ChatGPT: Yes, there are some Python libraries where the `pip install` command differs from the module name you use for `import`. Below are a few examples of such cases:
1. *`pip install opencv-python`* - Import as: `import cv2`
2. *`pip install beautifulsoup4`* - Import as: `from bs4 import BeautifulSoup`
3. *`pip install PyMySQL`* - Import as: `import pymysql`
4. *`pip install python-dateutil`* - Import as: `import dateutil`
5. *`pip install python-dotenv`* - Import as: `import dotenv`
6. *`pip install google-auth`* - Import as: `import google.auth`
7. *`pip install Pillow`* - Import as: `from PIL import Image` '''
It seems that the project hardcodes the import to pypi names though. So it has a that sweetspot of being more impractical while still being insecure. https://github.com/bndr/pipreqs/blob/master/pipreqs/mapping
If you install this in a company that takes security seriously, you should get warned or fired pretty much.
It's one thing to import code from a random developer on the internet to do your job, we get a pass on that if it makes us more productive, but to import code that helps us with importing code? Red flag.
How is it more secure to manually browse through the codebase and construct a requirements.txt file yourself, than to run this script to automate the process? In either case you end up with a requirements.txt file which will need to be audited anyway.
I guess that it's more of a semantic implication of the tool.
If the project were to create a directory that maps python namespaces to pypi tools, sure. But it's designed as a "tool" that "automates" a pesky little inconvenience of a missing requirements.txt file. The readme explains in no way how that mapping works or any security considerations.
It doesn't give me the impression that the author or the users would care about auditing the requirements.txt file at all. (Also, what would auditing the dependencies entail? Reading the source code of the dependencies? Doubt it.)
I don't spend a lot of time in Python, but my current understanding having read Python documentation and seeing some projects online is that you use pip and requirements.txt with --require-hashes, venv, and pyproject.toml to use a standard dependency management toolchain.
Is that correct?
[dead]
god, please no
Nicely done
...it would also be nice if Debian (Ubunutu and other derivitives) stop shitting on pip in some ridiculous paranoid attempt to stop breaking apt packages (that don't break apt packages anyway) or because of "muh security".
Huh? Messing with the system Python install absolutely can break your system.
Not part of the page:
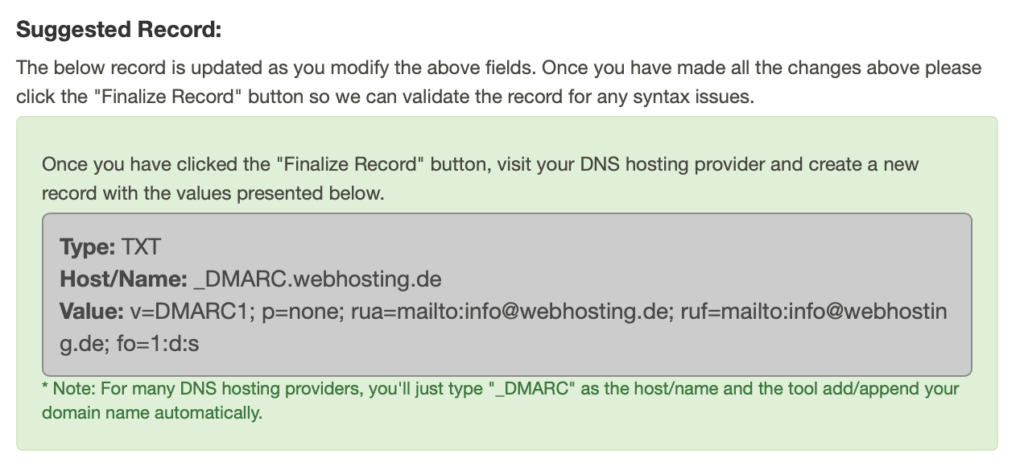 DMARC Generator mit mxtoolbox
Just use venvs, or install separate Python versions for development e.g. via pyenv. You likely don't want to use the relatively outdated Python version shipped with Debian anyways.
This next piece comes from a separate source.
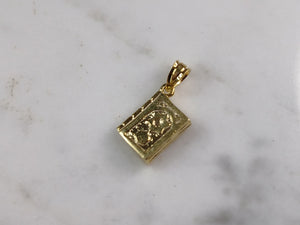 Sterling Silver Gold Tone Jewish Judaica Star of David Pendant, 3.5g E3795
Please consider using PDM instead. https://pdm-project.org/en/latest/
could you explain why?
In short , it works like NPM.
- reproducible python package dependency
- reproducible python version
- package locking
- PEP compliant package management configuration via project.toml
- automatic venv management
- project configuration and management including build scripts in one place
All you need is
- pdm init # starts preparing env
- pdm add package # install package locally, project wide
- pdm install # reproduce
This looks like it was copied from a readme file without regard for the context of this discussion thread. Instead of merely advertising, you should have posted something that actually refers to the capabilities and purpose of pipreqs and explained how PDM handles that better or obviates the need for a tool to do what pipreqs does.